When, thanks to an MP3 file posted at the Internet Archive, Paul Zukofsky‘s rendition of “Mitzvah for the Dead (for Violin and Tape),” by composer Michael Sahl, is heard, some 37 years after its broadcast on KPFA-FM, the experience is doubly nostalgic.

First, there is the matter of the time that has passed since a young Charles Amirkhanian, heard introducing the work here, was coaching listeners about the ins and outs of (so-called) new music on his radio show — a role he still plays, of course, through the Other Minds performance series, as well as related Internet downloads and audiostreams.

Second, there is the Eastern European tinge to Sahl’s writing for violin, those sour notes and that modal vibe that together suggest gypsy or Ashkenazi ritual. What isn’t nostalgia-inducing at all is how Sahl interpolates collage and found sounds into his work, from what seem like snippets of analog synthesizers and radio broadcasts, to cut-ups of marching bands that bring to mind the work of Charles Ives.
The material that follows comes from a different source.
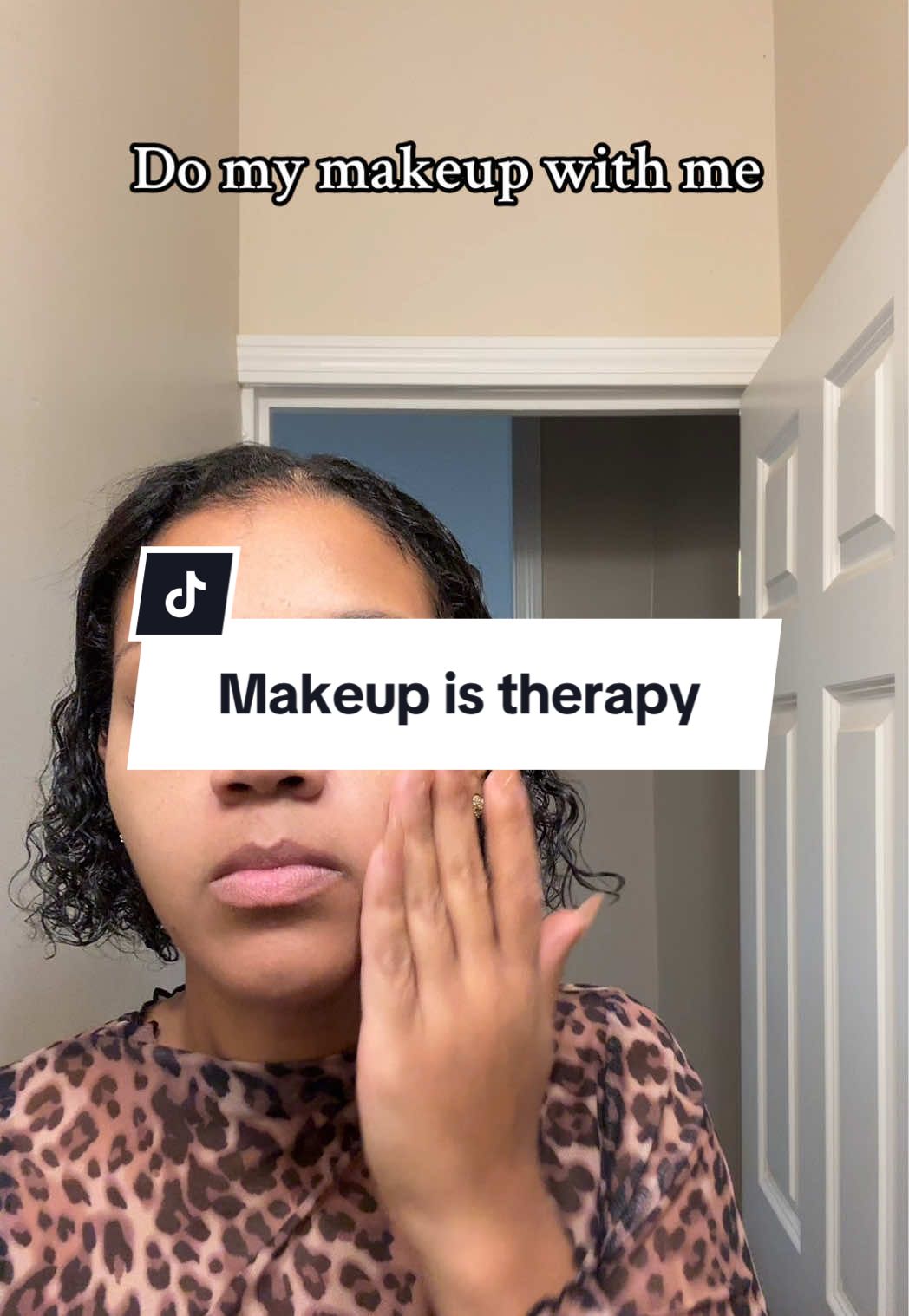 Makeup is therapy 🫶🏽#creatorsearchinsights #draftsposting #tiktok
For the broadcast, which Amirkhanian has posted as part of the Other Minds section at the Internet Archive (archive.org, MP3), Sahl’s work is paired with “Violin Phase” by Steve Reich, also performed by Zukofsky; it’s a characteristically bracing work, in which electronically mediated layers of snatches of riffs are played against each other, finding variation of timbre, tone and tempo in a highly constrained compositional environment. The result is as vibrant as it is economic, with happy accidents of rhythmic coincidence that surprise on every listen.

Aghost’s “Break Beep” MP3

Is “Break Beep” the title of Aghost‘s latest free download (MP3) from the kracfive.com collective? Or is it the name of the nascent genre that the track aspires to exemplify, evangelize and propagate? Perhaps both. A mix of snare-happy percussion and blippy, fizzy melodic fragments, for all of its 2:17 running time the piece swells and dips to a head-nodding groove until, in the closing moment, it upticks to weekend-techno thump. More on Aghost myspace.com/wwcarpen.